For Hegel, it wasn’t that simple. He wanted to know how we might read our ethical principles in our historical circumstances, because if we couldn’t, the only honorable options were escape from or destruction of whatever constituted the present. Either way, we wouldn’t be making or writing History, we’d be forgetting or obliterating the Past, leaving it as meaningless sequence. We wouldn’t be crossing over into the future we had mapped, we’d be burning bridges and hoping for the best. We’d be creating the “maximum of terror” and the conditions of counter-revolution. We’d be mere radicals.

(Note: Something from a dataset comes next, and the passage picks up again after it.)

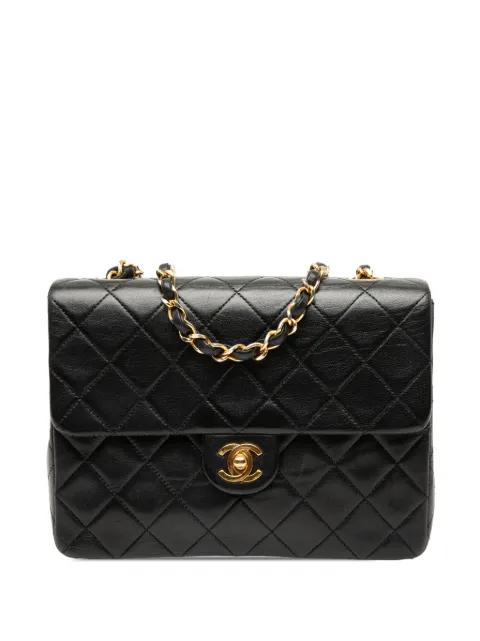 1989-1991 Small Square Quilted Lambskin Flap crossbody bag by CHANEL 1989-1991 Small Square Quilted Lambskin Flap crossbody bag by CHANEL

Or pietists of the political kind, hoping for a revolution of the saints. Here’s how John Dewey made fun of these creatures in his Hegelian phase, in 1891:

This, indeed, is the failure of the Kantian Ethics: in separating what should be from what is, it deprives the latter, the existing social world as well as the desires of the individual, of all moral value; while, by the same separation, it condemns that which should be to a barren abstraction. An “ought” which does not root in and flower from the “is,” which is not the fuller realization of the actual state of social relationships, is a mere pious wish that things should be better.

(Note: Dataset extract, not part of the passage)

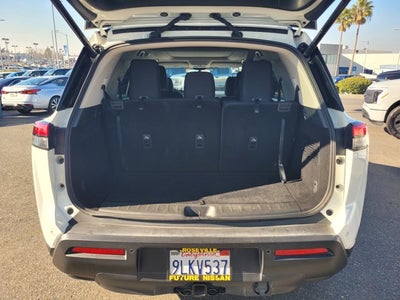 2024 Nissan Pathfinder SV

I’m not a big fan of the “unintended consequences” school. My book on the Fed tells the story of men who announced how and why they meant to change the world, and then did it. But they learned by doing, by engaging their opponents and defeating them with better ideas, better arguments, better programs, not greater force of arms (although I would be a fool to say that organized violence against white workers and black sharecroppers was a minor incident in the transition from proprietary to corporate capitalism, ca. 1890-1923). These men got pretty much what they wanted because they fought a protracted “war of position,” as Gramsci named it, never thinking that their mission was a (Leninist) “war of maneuver” that would end with the overthrow of the state.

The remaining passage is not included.